Top of Material for the task
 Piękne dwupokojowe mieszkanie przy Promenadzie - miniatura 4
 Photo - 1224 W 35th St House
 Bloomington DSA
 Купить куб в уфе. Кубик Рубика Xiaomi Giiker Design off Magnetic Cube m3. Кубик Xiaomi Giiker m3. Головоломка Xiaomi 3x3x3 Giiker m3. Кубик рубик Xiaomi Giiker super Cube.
Bottom of Material for the task
Top of Material for the task
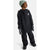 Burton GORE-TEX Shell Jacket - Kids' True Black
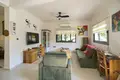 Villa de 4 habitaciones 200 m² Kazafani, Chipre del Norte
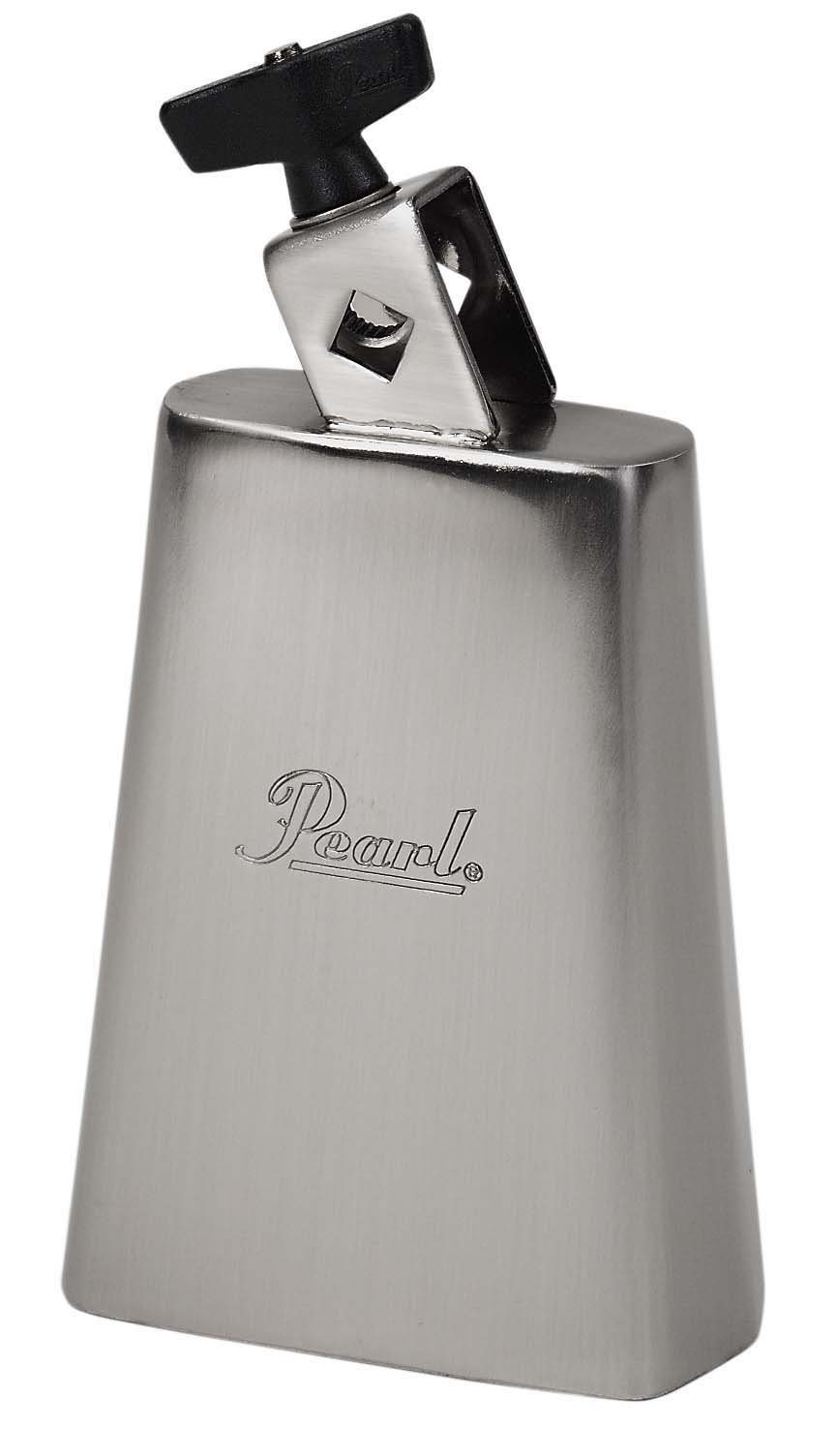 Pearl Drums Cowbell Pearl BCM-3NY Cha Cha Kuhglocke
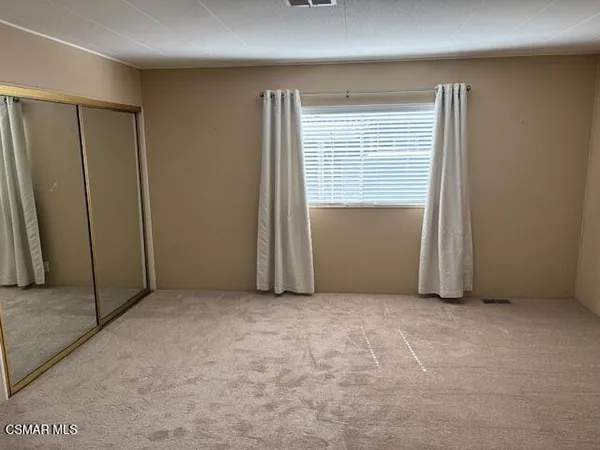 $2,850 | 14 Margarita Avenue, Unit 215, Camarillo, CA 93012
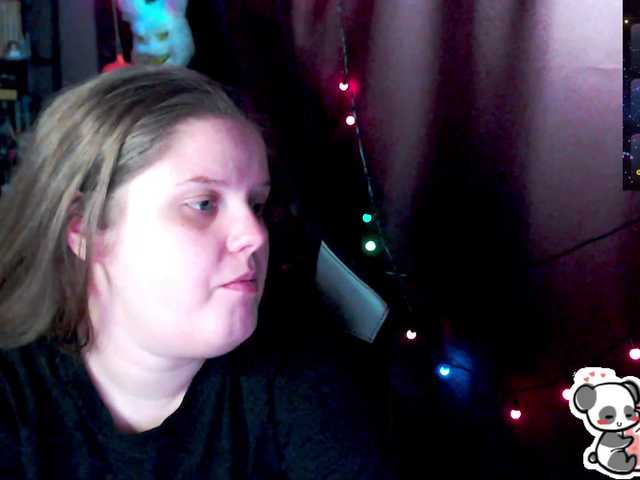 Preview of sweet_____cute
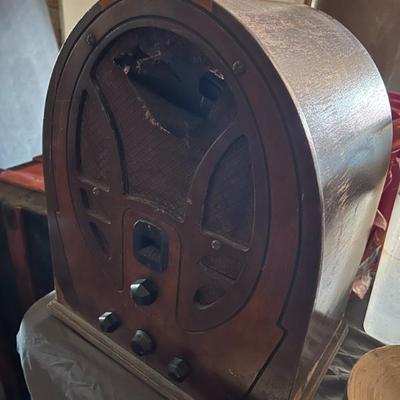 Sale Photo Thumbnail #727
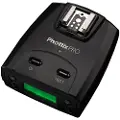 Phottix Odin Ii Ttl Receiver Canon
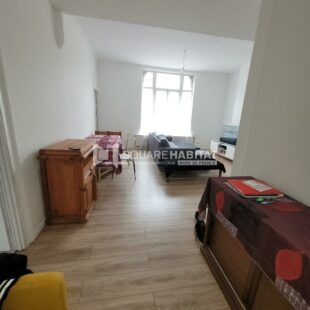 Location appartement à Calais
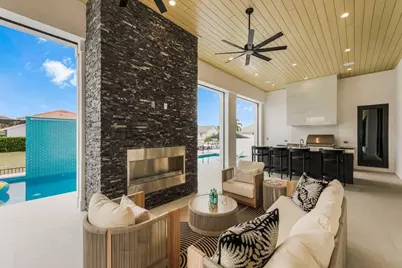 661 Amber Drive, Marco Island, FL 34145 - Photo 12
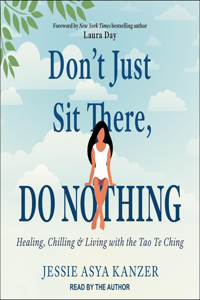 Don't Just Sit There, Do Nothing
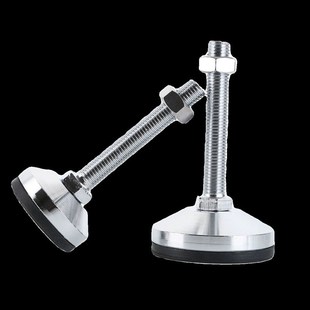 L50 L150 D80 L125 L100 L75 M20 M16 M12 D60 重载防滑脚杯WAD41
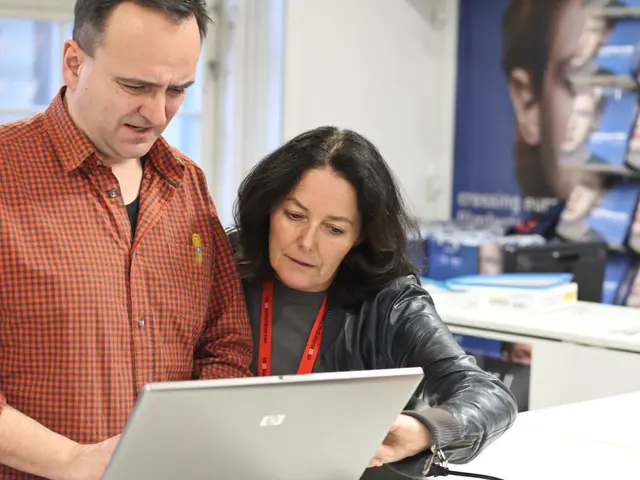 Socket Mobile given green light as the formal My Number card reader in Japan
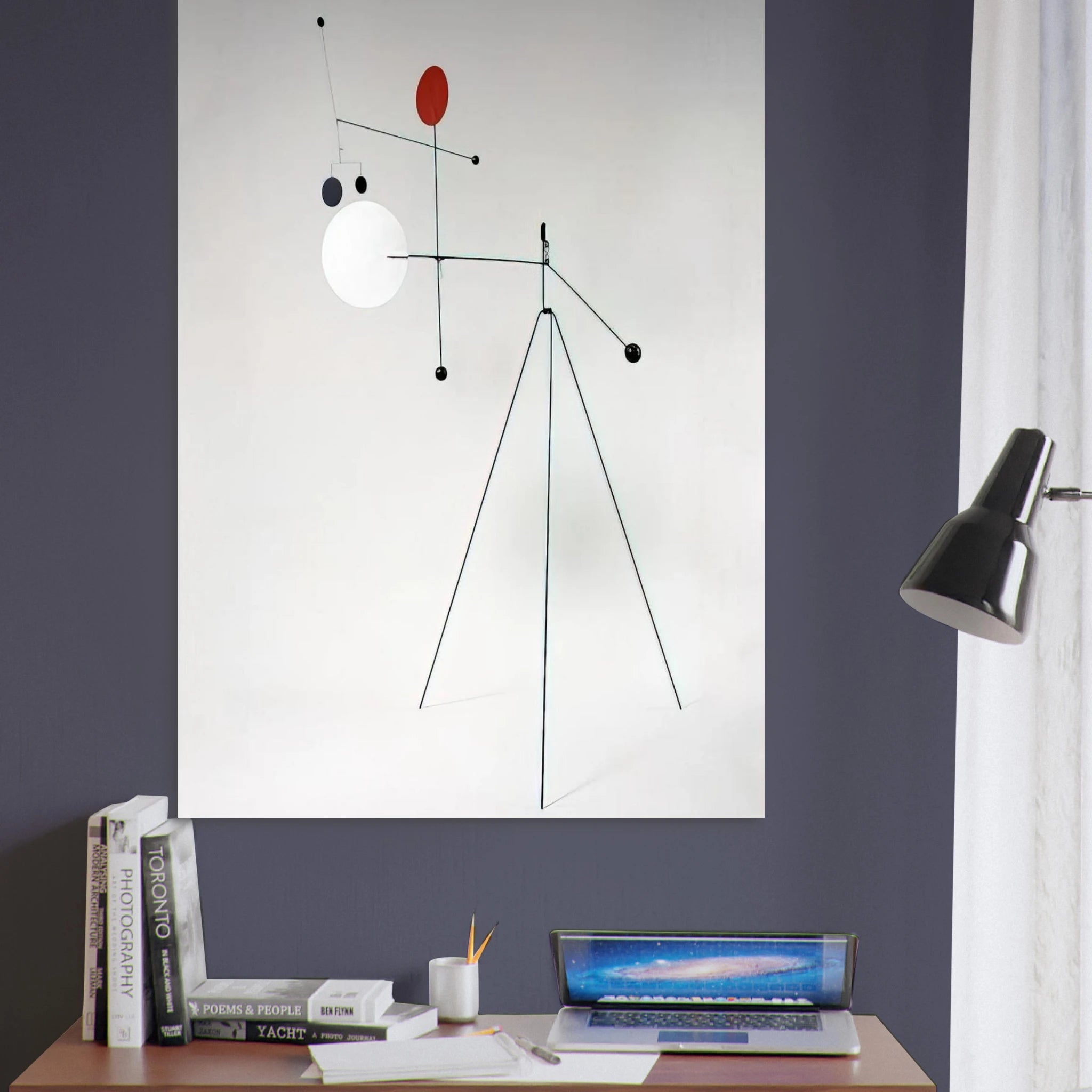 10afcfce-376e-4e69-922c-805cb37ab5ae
Bottom of Material for the task
## Exercise prompt
When you reach the line with "661 Amber Drive, Marco" in the records above, begin repeating the lines exactly, and stop after the line with "10afcfce-376e-4e69-922c-805cb37ab5ae". Skip all pictures.

## Result
 661 Amber Drive, Marco Island, FL 34145 - Photo 12
 Don't Just Sit There, Do Nothing
 L50 L150 D80 L125 L100 L75 M20 M16 M12 D60 重载防滑脚杯WAD41
 Socket Mobile given green light as the formal My Number card reader in Japan
 10afcfce-376e-4e69-922c-805cb37ab5ae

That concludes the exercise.